When asked about the fake meat that was served at vegan and vegetarian restaurants back when "Waterfalls" first hit the radio waves, he says, "It's never going to be the right fit here. I want to do something that no one's done before."
The New Vedge Tables
Aparicio isn't alone. A crew of chefs have recently picked up the reins from where the vegetable-forward craze left off. They are pushing the cuisine forward, taking meat and often all animal products, including dairy, out of their restaurant's pantries entirely, replacing them with a host of vegetables that have been cured, braised, smoked or roasted until they reveal hidden depths of flavors that even adventurous diners may have never come across.
"There's a new idea of veganism as cool," says Rich Landau of Vedge and V Street in Philadelphia, who has been cooking vegan food since he opened his restaurant Horizons in 1994. "My chef friends used to look at me with a raised eyebrow; now they're seeing the benefits of it."
"[Vegan and vegetarian restaurants] lacked style or fun—or sex appeal," John Fraser, who has served a vegetarian tasting menu on Mondays at NYC's Dovetail for five years, adds. So when he opened Nix, a completely vegetarian restaurant just south of Union Square, in late February, all of those things were taken into consideration: With a large skylight, pops of color and dishes like shiitake cacio e pepe with polenta and salsify, Nix fits comfortably into the mold of today's cool restaurants.
The Diet of a Chef
Much of this wave of vegetable-driven change is coming from the chefs' lives outside of the restaurant kitchen. Fraser; Joe Yardley, chef de cuisine of the just-opened Agern in New York City; and Landau all maintain a primarily vegan or vegetarian diet outside of work, and Aparicio says he eats meat just once a week or when his mother cooks for him.
Fraser, for one, started questioning his diet a couple of years ago: "Why have bacon on my breakfast sandwich? I know enough to know it comes from a factory farm pig, and it doesn't taste that great." For Yardley, who offers a vegetarian tasting menu at Agern, the move last year to become vegan came out of a desire to live more sustainably. Even the chefs for whom a vegetable-based diet is a lifelong commitment, the dogmatic nature of that choice seems to have quieted down in recent years, opening these dining rooms to a broader swath of diners. "There are people who will come to a vegetable restaurant but wouldn't be caught dead in a vegan restaurant," Landau argues.

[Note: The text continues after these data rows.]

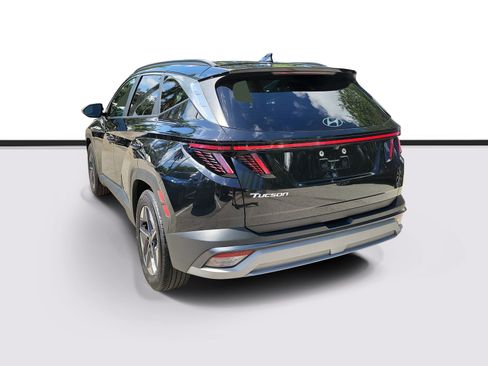 Used 2025 Hyundai Tucson SEL FWD image 3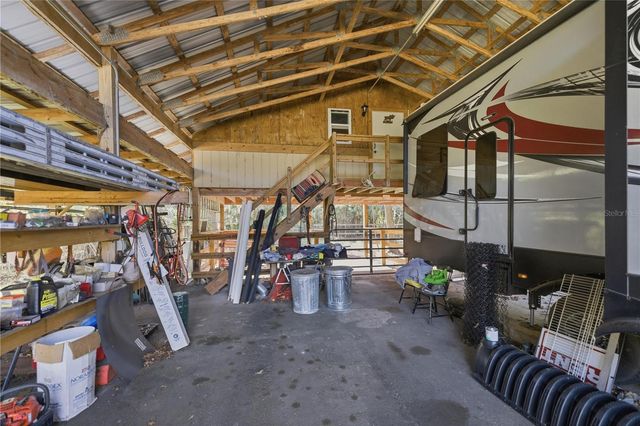 19040 NW 88TH AVENUE ROAD, Reddick, FL 32686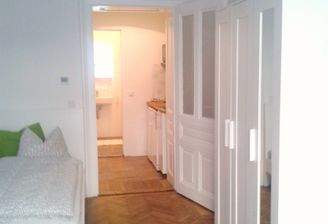 Blick von Wohn-/Schlafzimmer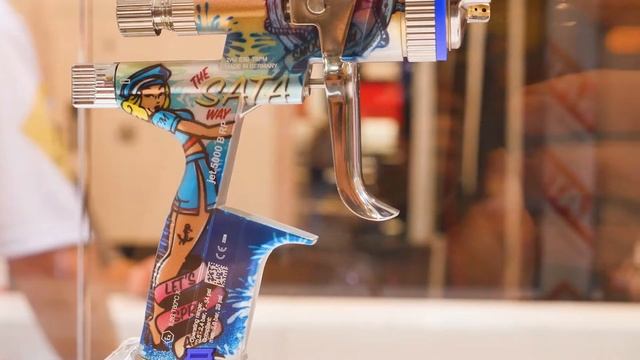 SATAjet 5000 B Sailor gun at SEMA 2017 смотреть онлайн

The choice to bring that philosophy into their restaurants has also become a tool for these chefs to push themselves creatively. "A steak will always be a steak," Yardley says. "You can do so much more with vegetables, and you get different stages of that actual vegetable," he adds, pointing out the different parts and life phases of a ramp.

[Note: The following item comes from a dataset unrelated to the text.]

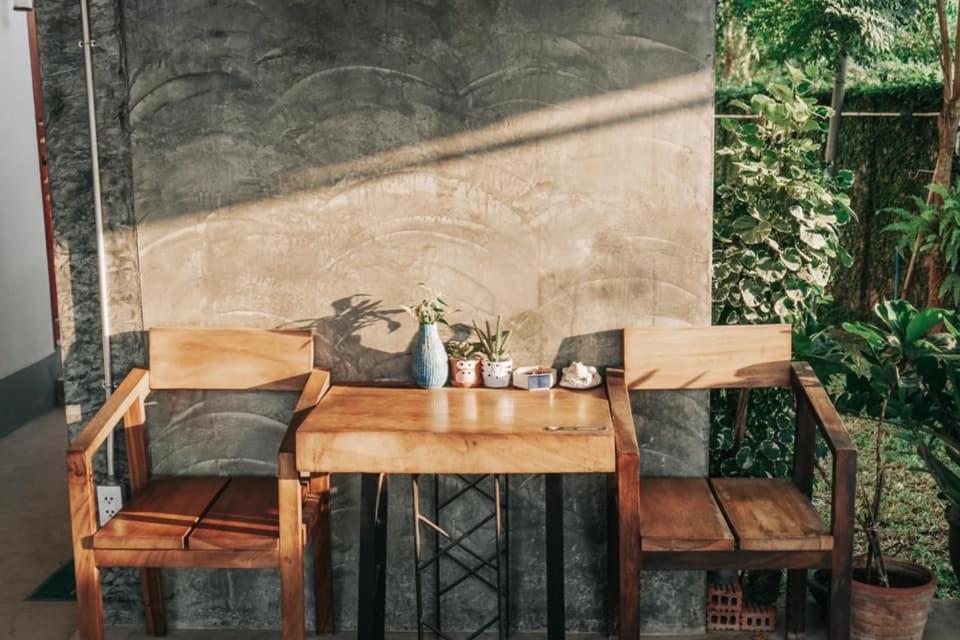 Хостел Yoji House And Cafe Ban Wiang Экстерьер фото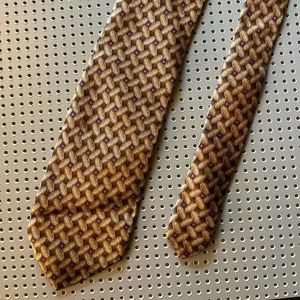 Men’s Monterey Robert Talbot tie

Landau says, "It's almost lazy to cover up vegetables with animal products. We have to really think how to make it taste good without them."
The result are dishes where vegetables are often cooked multiple ways over the course of several days, creating layers of complex flavors, from Agern's pine soufflé with skyr granita to ceviche-like cubes of salt-roasted sweet potato served with a pool of spicy jalapeño, lime and herb dressing at Avant Garden.
This cooking, however, isn't without its challenges. At the more hard-core spots, there's no butter to rely on or fried eggs to hide under. Dishes like an artichoke one that Aparicio is working on can take weeks to develop. And once ready to serve, they don't always translate to every diner. "People who get it love it. People who don't get it hate it. There's no in between," Aparicio says.
Still, many of these chefs talk of a day when the cuisine reaches a tipping point. "When the space fills up with great chefs and restaurants," Fraser says, diners going out with friends will consider their options for a dinner and—perhaps taking a cue from our childhoods—choose to eat their vegetables.